Til this came in the mail four weeks later:


"I'm glad you don't find writing letters scary -- and since you don't and your Dad says you draw every day, I'd love to see something by you."

That weekend was a flurry of activity for Thomas. You'd have thought he was preparing for his own gallery showing. He couldn't decide what to send him (and my God, he's got a lot of drawings to choose from). In the end, we settled on a picture of a dinosaur fleeing an exploding volcano (dinosaurs are a favorite subject), and a watercolor of a wolf in a field of flowers.

Thomas dictated another letter, in which he explained he didn't do many paintings because his mom thought it was messy, and did Mr. Feiffer's mom bug him about getting the kitchen table messy?

He wrapped up his letter with this sentence:

"Hope you like my pictures. Now it's your turn. I would love to see you draw a dinosaur."

I sighed and stopped typing. I tried to explain to Thomas just how important Jules Feiffer was. That the man's sketches sold for hundreds of dollars at exhibits and shows.
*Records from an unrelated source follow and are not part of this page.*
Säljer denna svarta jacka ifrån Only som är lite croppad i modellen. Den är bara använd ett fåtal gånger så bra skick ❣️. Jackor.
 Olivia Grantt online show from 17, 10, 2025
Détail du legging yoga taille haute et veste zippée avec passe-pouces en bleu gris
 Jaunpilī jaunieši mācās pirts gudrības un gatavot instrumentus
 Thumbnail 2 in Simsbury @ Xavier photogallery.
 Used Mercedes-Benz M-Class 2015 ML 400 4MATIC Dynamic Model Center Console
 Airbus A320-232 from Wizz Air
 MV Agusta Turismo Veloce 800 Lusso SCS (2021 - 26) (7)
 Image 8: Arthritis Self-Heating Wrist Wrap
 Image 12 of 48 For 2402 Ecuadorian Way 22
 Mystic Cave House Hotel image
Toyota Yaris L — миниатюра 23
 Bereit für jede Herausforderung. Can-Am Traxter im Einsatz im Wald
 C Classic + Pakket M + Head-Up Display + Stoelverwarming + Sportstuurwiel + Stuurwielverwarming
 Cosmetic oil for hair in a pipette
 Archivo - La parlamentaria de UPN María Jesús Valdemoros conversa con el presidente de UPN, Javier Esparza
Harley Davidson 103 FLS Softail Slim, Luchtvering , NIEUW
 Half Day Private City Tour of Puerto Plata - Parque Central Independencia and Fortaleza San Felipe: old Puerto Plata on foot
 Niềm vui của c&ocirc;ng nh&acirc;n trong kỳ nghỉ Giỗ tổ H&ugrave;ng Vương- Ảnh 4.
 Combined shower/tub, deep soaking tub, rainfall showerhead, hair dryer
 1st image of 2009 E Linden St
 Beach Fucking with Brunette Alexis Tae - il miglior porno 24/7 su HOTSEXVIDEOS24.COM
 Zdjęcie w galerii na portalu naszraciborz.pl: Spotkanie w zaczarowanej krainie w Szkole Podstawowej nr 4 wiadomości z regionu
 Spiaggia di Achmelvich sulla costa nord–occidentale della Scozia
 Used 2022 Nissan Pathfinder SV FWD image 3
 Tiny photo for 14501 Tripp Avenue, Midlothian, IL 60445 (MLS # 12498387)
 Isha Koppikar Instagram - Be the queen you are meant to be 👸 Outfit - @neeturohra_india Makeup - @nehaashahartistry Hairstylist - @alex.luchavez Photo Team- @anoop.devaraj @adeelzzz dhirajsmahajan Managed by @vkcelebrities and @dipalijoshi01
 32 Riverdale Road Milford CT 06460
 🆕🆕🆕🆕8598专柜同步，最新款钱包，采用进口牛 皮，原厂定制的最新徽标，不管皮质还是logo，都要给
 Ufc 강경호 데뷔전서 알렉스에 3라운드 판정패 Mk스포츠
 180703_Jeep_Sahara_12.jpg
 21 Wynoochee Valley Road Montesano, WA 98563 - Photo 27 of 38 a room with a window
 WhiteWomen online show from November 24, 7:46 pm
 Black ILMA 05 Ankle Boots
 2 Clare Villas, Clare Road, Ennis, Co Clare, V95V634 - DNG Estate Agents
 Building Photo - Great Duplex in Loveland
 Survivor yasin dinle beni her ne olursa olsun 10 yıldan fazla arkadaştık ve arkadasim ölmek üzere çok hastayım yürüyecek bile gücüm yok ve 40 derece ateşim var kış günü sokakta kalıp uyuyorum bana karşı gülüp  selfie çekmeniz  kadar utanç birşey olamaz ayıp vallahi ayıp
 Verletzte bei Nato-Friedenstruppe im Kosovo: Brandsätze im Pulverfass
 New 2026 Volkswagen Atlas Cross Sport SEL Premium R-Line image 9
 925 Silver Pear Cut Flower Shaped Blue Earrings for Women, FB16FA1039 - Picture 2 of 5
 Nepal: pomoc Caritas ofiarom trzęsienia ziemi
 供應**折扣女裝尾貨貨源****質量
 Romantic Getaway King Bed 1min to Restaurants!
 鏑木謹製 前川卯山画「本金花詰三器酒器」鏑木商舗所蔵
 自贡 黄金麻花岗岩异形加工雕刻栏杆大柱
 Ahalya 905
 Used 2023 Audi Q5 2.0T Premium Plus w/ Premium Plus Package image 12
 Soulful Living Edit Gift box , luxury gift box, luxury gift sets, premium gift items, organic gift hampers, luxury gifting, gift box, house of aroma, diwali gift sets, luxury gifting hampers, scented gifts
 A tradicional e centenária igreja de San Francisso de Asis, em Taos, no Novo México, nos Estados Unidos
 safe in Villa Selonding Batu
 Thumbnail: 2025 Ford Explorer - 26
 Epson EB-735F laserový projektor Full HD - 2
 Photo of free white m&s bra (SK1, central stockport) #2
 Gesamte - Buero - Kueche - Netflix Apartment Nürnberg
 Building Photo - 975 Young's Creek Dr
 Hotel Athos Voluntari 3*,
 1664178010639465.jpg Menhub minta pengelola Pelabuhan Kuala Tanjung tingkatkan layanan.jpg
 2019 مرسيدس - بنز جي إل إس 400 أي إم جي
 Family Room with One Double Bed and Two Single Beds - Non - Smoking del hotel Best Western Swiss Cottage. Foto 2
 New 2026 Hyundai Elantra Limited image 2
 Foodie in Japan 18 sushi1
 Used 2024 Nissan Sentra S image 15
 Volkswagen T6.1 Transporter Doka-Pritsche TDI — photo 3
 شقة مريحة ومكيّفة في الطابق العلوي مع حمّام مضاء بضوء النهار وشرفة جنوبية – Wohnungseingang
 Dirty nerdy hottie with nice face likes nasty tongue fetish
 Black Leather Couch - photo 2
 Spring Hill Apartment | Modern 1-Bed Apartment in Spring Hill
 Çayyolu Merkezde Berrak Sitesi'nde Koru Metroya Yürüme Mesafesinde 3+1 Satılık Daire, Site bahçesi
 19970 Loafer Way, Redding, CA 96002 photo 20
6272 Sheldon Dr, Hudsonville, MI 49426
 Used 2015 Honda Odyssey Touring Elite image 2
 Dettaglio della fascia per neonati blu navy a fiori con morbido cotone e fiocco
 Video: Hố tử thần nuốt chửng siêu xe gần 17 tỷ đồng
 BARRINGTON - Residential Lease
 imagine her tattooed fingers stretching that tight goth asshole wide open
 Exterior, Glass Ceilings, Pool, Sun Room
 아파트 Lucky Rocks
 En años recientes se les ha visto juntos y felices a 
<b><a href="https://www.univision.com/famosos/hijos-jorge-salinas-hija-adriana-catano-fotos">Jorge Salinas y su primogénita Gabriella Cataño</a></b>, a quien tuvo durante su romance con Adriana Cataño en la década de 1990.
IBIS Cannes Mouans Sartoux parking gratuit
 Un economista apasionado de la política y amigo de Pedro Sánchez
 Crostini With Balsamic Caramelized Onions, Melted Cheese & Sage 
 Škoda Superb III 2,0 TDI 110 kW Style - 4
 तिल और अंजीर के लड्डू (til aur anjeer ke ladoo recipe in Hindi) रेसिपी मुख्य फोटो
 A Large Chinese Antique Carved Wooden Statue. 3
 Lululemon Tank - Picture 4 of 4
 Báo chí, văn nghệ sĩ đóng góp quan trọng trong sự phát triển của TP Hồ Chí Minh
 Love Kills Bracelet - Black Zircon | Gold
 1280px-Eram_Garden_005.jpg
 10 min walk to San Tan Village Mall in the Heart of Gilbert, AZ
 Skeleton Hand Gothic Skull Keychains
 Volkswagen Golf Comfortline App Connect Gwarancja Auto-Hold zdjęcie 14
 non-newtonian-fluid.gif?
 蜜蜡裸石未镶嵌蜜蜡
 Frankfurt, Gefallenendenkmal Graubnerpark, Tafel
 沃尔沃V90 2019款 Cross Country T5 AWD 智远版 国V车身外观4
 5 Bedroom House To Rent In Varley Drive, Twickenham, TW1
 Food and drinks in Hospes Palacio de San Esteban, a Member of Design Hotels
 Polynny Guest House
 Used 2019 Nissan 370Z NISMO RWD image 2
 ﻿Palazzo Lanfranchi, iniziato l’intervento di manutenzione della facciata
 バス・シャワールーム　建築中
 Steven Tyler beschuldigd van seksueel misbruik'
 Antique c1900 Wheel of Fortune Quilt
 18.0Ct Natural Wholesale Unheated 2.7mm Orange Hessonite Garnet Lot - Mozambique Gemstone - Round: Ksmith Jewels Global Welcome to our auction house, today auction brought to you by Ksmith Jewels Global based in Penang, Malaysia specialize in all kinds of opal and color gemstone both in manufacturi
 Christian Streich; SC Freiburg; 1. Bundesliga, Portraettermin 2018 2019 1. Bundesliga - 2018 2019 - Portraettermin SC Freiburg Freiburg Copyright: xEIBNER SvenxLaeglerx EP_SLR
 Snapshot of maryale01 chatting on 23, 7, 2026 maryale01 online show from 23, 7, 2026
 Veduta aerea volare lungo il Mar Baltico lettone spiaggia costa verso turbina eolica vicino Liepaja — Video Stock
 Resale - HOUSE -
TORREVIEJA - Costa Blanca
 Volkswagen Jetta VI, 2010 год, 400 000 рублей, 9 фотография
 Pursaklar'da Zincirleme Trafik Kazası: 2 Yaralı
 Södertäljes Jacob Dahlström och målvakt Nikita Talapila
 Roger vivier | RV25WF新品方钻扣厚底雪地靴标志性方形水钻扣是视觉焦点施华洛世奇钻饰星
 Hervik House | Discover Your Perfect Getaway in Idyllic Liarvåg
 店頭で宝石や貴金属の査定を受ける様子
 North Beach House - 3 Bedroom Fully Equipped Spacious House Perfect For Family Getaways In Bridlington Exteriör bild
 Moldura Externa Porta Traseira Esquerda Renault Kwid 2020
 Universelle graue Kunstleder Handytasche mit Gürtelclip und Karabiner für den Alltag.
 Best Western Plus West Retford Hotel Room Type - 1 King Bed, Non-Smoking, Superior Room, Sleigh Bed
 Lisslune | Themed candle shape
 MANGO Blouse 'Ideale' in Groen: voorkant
That it might be inappropriate to ask such a man for a sketch of a dinosaur.

And Thomas had this look on his face that I can only describe as pure confidence. "Why not?" he asked. "We're both drawers. He'll trade with me, I bet." So I included the line, along with more copious thanks for his attention, and we sent the drawings off.

Three weeks later, the reply came back. It was a large package.

Inside was a signed copy of Bark, George, and this letter:


Thomas was walking on air for days, and a copy of the letter is on his bulletin board. So is this, the last item in the envelope:


It's hard to know who to be more impressed with: Jules Feiffer, for his kindness and encouragement to a young boy who really needed it, or my son, who for a brief, wonderful moment, abandoned all doubt, and saw himself as a peer with one of the greatest of modern cartoonists.

I'm very proud of my son. But I'm also grateful to him. Because he's allowed me to experience these moments. Because there are so many more to come.

Because he made me a father.

It was an occupation I wasn't at all sure I was ready for when it happened, but once it did, I couldn't--and still can't--imagine doing anything else as fulfilling. And that includes writing.

This is the sort of thing I think about on Father's Day.

"You can be very neat or you can be an artist, but it's hard to be both...Anyhow, life is often messy. So go figure."

Something we would all do well to remember, no?